Four Years Later: Remembering America’s Largest Tornado Outbreak
The date April 27th, 2011 will always be remembered by residents of many Southeastern states, particularly in hardest-hit Alabama. Four years ago, the largest recorded tornado outbreak in U.S. history claimed over 300 lives and caused billions of dollars worth of damage, leaving a permanent physical and psychological scar for many across the Southeast.
The four-day outbreak peaked on April 27th but also featured numerous tornadoes the two days prior and the day after, but it was on April 27th where an astonishing 211 tornadoes – nearly double the second-highest recorded tornado day – touched the ground, including over a dozen EF-4 and EF-5 tornadoes that mostly ripped through Mississippi and Alabama but impacted nearly every state in the eastern half of the country.

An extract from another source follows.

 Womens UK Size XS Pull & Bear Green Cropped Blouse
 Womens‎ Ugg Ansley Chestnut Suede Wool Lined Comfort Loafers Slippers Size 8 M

Over 200 Alabamians lost their lives on April 27th, when massive tornadoes leveled parts of Tuscaloosa, Cullman and Hackleburg. Wind speeds in the EF-5 Hackleburg (Marion County) tornado were estimated at over 200 miles an hour.
April 27th – particularly for those in Alabama – is no longer just a day; rather, the simple mention of that date elicits the pain and suffering of so many from America’s greatest one-day tornado outbreak.
Our thoughts are with those impacted and with the memories of those lost on that tragic day.